The variant, named by different anti-virus vendors as either MyDoom-M,
MyDoom-N or MyDoom-O, hit the Wild on Monday and spread rapidly.
Sporting a new twist in the way it propagates, the worm contains links
to several different search engines and tries to use them to harvest
email addresses.
Security analysts say some search engine sites, such as Google,
reportedly experienced some slow downs and possibly even intermittent
interruptions.
”This is the first time I’ve ever seen a worm perform a Google search
to harvest email addresses for an email routine,” says Ken Dunham,
director of malicious code for iDefense, Inc., a security intelligence
company based in Reston, Va. ”It’s interesting that this worm was
released while Google has a pending IPO. However, it appears that the
backdoor component of the worm is the real motive behind this widespread
worm.”
The new variant, which appears to have peaked yesterday, still is
circulating in high numbers today, according to analysts from
MessageLabs, Inc., a managed email security company based in New York.

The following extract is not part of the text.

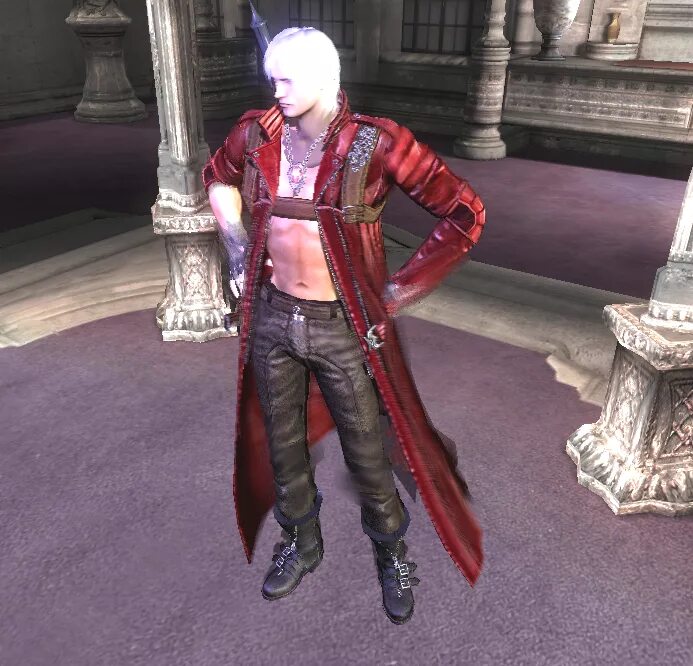 Dmc скины. Данте ДМС 3. Данте Devil May Cry. Данте DMC 4. Костюм DMC 4 Данте.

Analysts there report intercepting 599,641 copies of the virus so far.
But those numbers pale in comparison to the original MyDoom, which took
the Internet by storm this past January.
Mark Sunner, chief technical officer of MessageLabs, says they
intercepted more than 5 million copies of MyDoom-A in its first 24 hours
in the Wild.
”This is causing a fair bit of commotion, but this variant hasn’t got
anywhere near the numbers of the original,” says Sunner. ”But because
of what it’s done to the search engines, its ability to affect the
community as a whole is quite significant. Other than that, we’d call
this a medium level of aggression.”
Symantec Corp., an information security company based in Cupertino,
Calif., has labeled MyDoom-M as a Level 4 threat, with Level 5 being the
most dangerous.
The new MyDoom variant is a mass-mailing worm with an SMTP engine that
sends copies of itself out to addresses harvested from infected machines
or off of search engines. The worm also carries a Trojan that is
installed on TCP Port 1034.
” The Trojan is what has got us worried,” says Dunham. ”This backdoor
has been completely changed from the one that was in earlier versions of
MyDoom… This is a very complicated backdoor. The code is very
difficult to wade through.”
MessageLabs’ Sunner says the backdoor carries some disturbing commercial
capabilities.
”This variant isn’t dangerous from a traditional standpoint. It’s not
deleting files or amending spreadsheets,” says Sunner. ”But all the
viruses these days have a commercial motivation to them. That Trojan can
be used as an effective spam sending mechanism…. I don’t think this
virus’ main intention was to create denial-of-service attacks on the
search engines. This is about spam.”
Is a Second Wave Coming?
Dunham says the new MyDoom variant is just the first line of attack in a
bigger battle.
Today, Dunham’s analysts report finding Zindos-A in the Wild. The
malware scans for randomized IP addresses with TCP port 1034 open. This
is the port that the new MyDoom variant opens. Once it finds that open
port, Zindos-A uploads a copy of itself, which is then executed by a
mechanism inside the new MyDoom. After creating a .exe file on the
infected computer and modifying the Windows registry, Zindos-A attacks
the Microsoft.com Web site with a denial-of-service attack.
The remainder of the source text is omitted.